◆ Data for analysis ◆

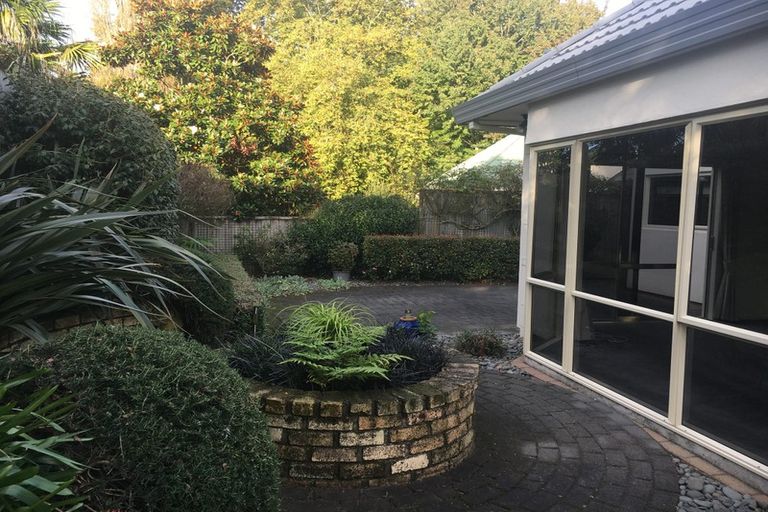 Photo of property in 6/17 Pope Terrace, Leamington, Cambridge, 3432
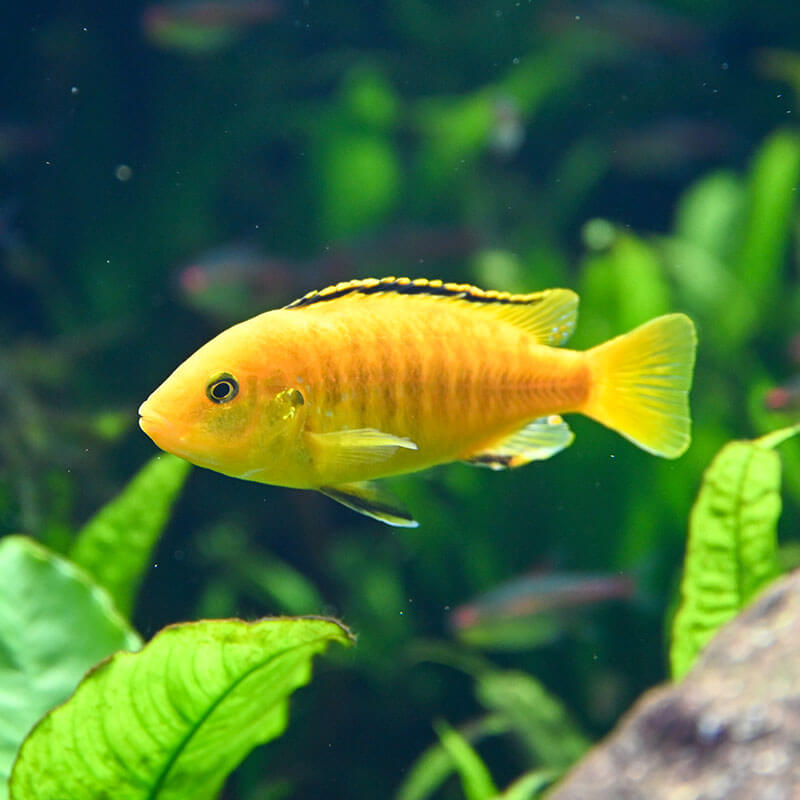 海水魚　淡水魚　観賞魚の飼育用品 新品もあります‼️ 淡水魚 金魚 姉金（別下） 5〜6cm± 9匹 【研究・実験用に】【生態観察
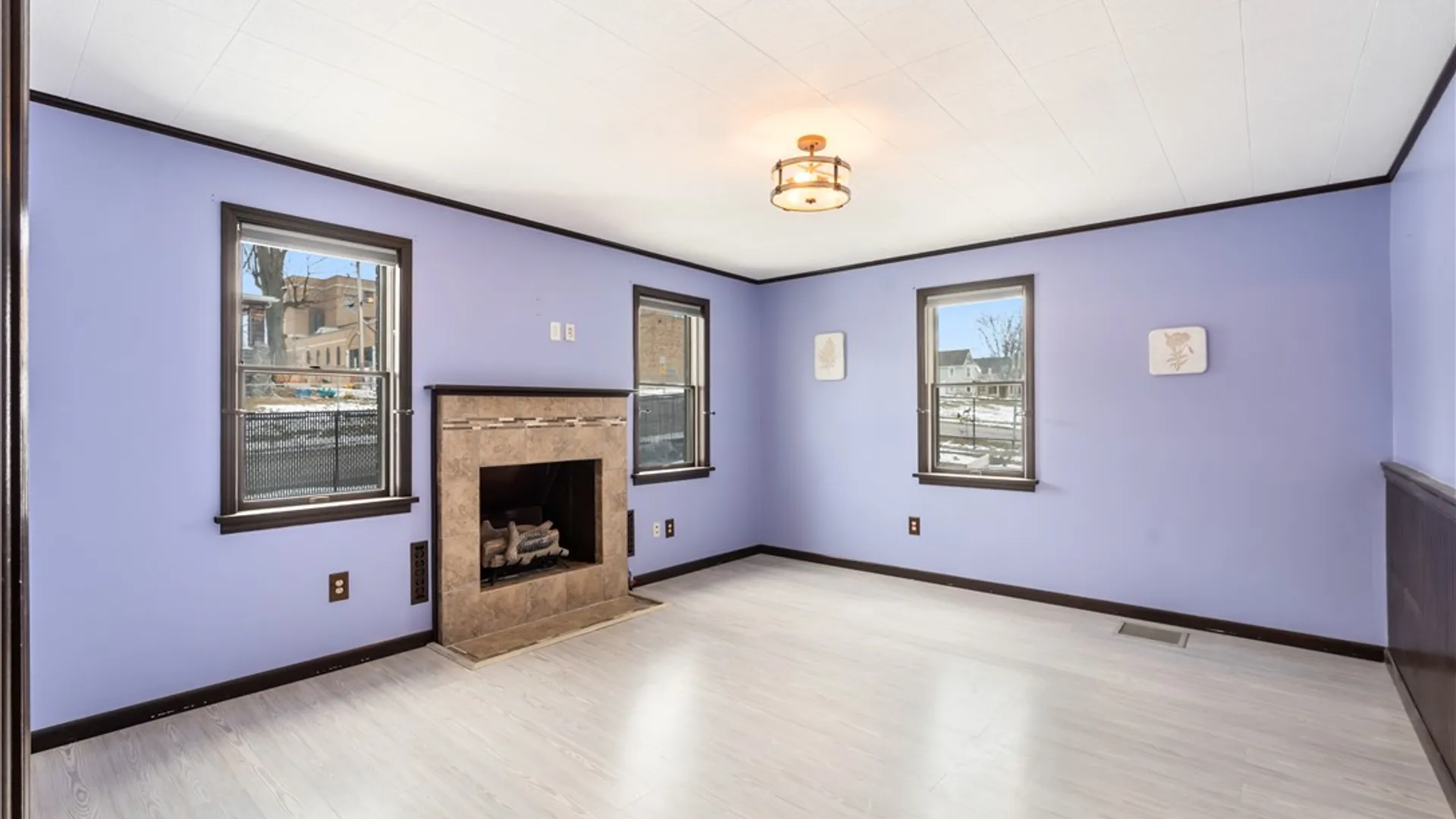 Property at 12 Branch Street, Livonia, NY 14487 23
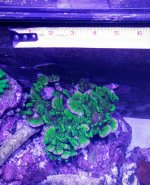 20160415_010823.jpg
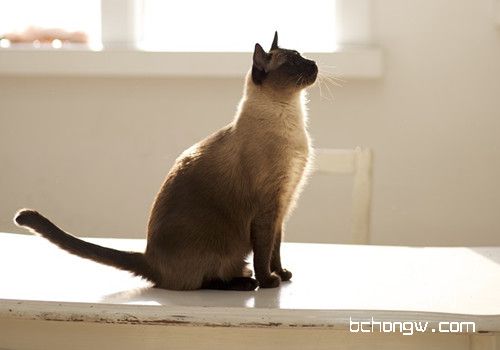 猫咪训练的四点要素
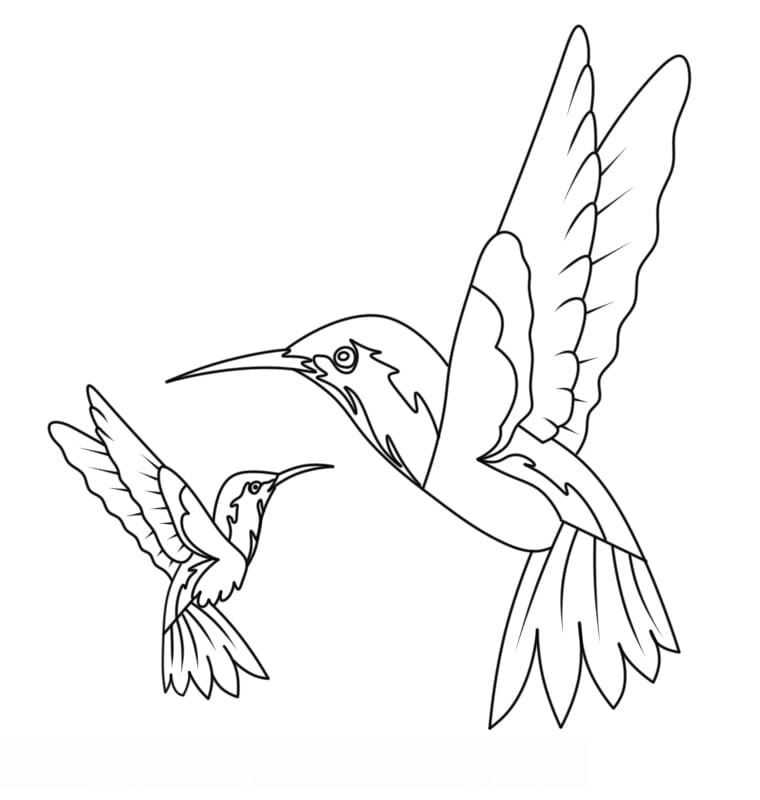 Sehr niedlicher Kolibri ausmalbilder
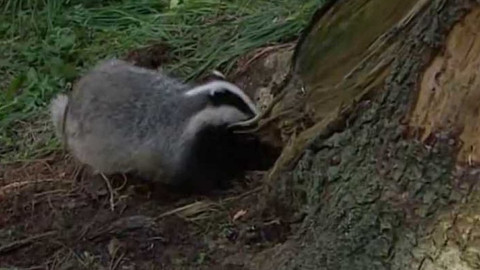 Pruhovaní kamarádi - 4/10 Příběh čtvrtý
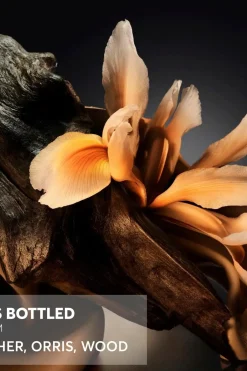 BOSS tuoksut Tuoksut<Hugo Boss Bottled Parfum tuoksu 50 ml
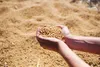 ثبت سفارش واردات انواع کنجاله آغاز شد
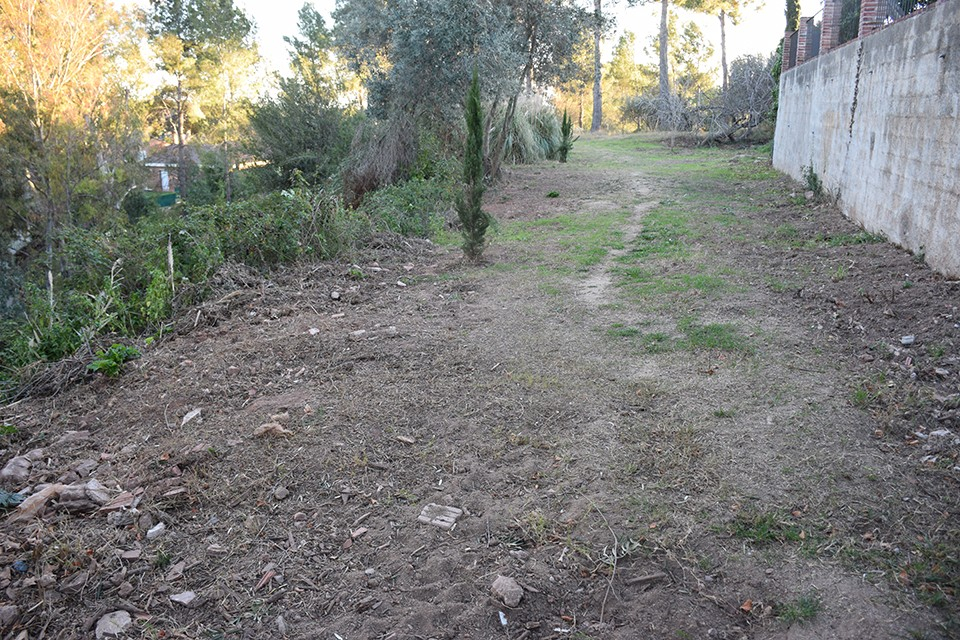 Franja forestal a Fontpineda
--
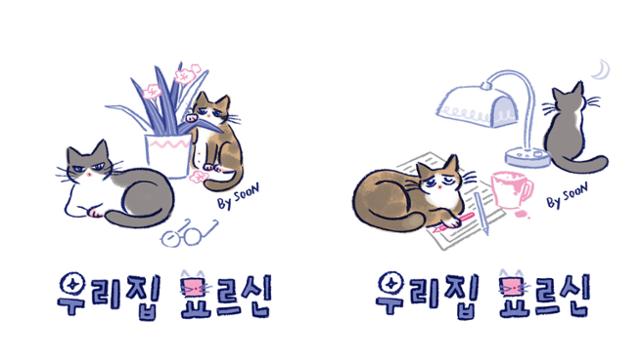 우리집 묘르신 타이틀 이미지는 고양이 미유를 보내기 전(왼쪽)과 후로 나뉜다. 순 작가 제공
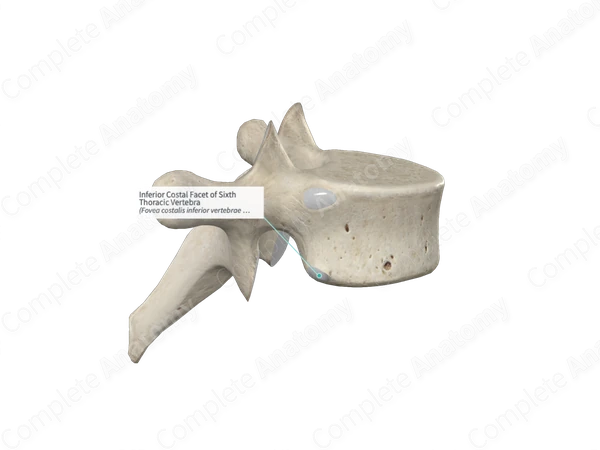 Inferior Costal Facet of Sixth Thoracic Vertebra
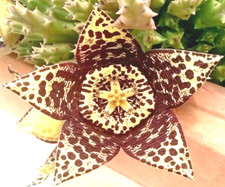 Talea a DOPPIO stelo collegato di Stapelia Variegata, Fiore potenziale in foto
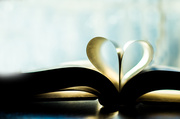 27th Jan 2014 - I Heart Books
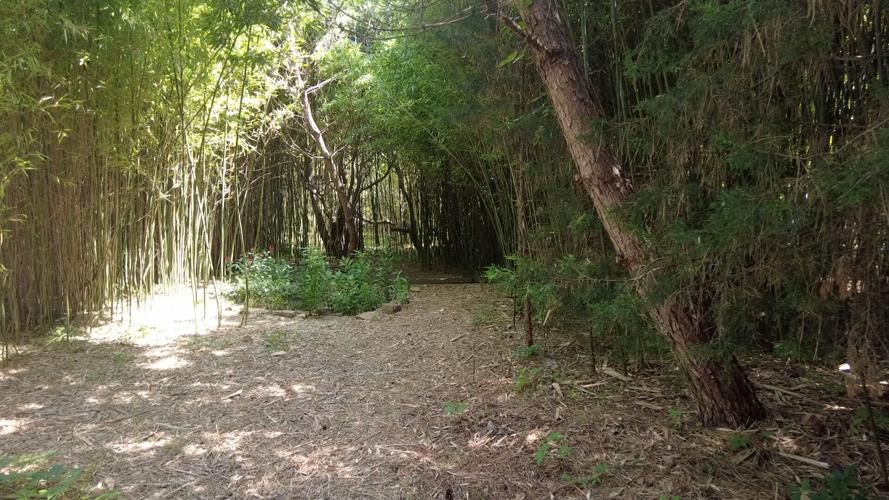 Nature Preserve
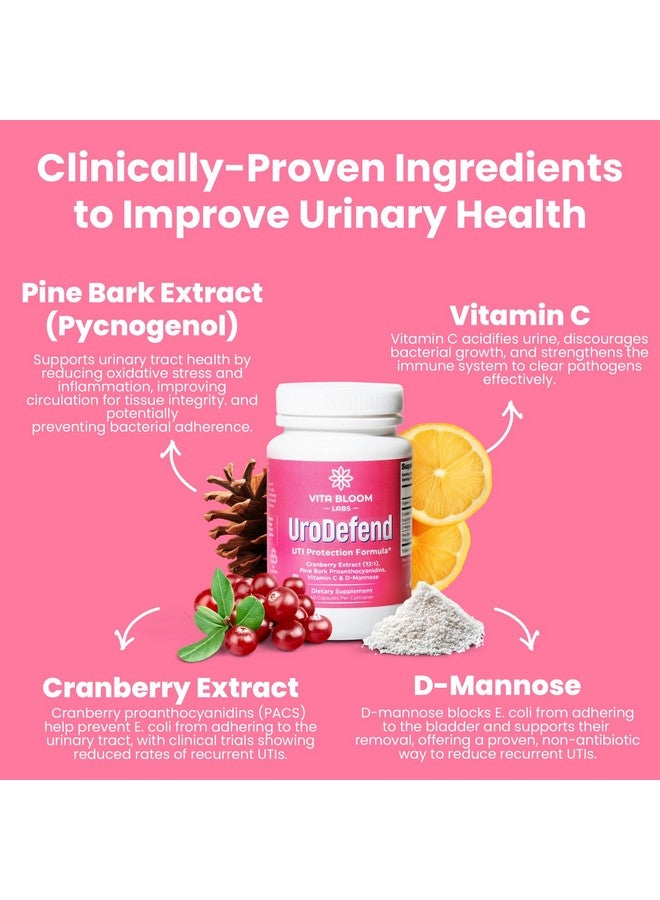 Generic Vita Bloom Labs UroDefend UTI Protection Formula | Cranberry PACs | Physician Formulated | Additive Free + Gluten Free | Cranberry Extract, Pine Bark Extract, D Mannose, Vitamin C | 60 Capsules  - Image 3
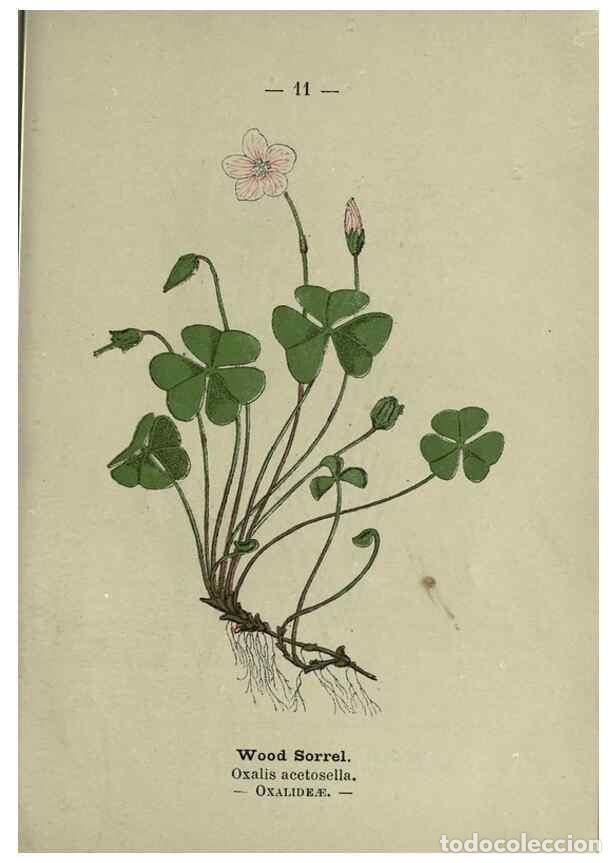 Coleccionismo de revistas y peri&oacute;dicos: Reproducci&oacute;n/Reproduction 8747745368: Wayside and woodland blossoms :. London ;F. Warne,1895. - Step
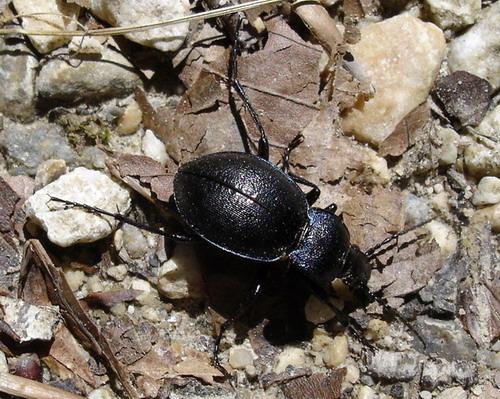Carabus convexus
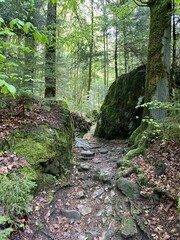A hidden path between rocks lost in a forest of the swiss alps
--
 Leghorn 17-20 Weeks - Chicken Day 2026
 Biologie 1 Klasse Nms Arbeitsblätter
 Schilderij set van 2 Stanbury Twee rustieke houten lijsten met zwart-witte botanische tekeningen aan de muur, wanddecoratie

◆ What to work on ◆
Of the lines above, copy only those from the one holding "Talea a DOPPIO" to the one holding "Carabus convexus", both included, and exclude every image.

◆ Exercise result ◆
 Talea a DOPPIO stelo collegato di Stapelia Variegata, Fiore potenziale in foto
 27th Jan 2014 - I Heart Books
 Nature Preserve
 Generic Vita Bloom Labs UroDefend UTI Protection Formula | Cranberry PACs | Physician Formulated | Additive Free + Gluten Free | Cranberry Extract, Pine Bark Extract, D Mannose, Vitamin C | 60 Capsules  - Image 3
 Coleccionismo de revistas y peri&oacute;dicos: Reproducci&oacute;n/Reproduction 8747745368: Wayside and woodland blossoms :. London ;F. Warne,1895. - Step
Carabus convexus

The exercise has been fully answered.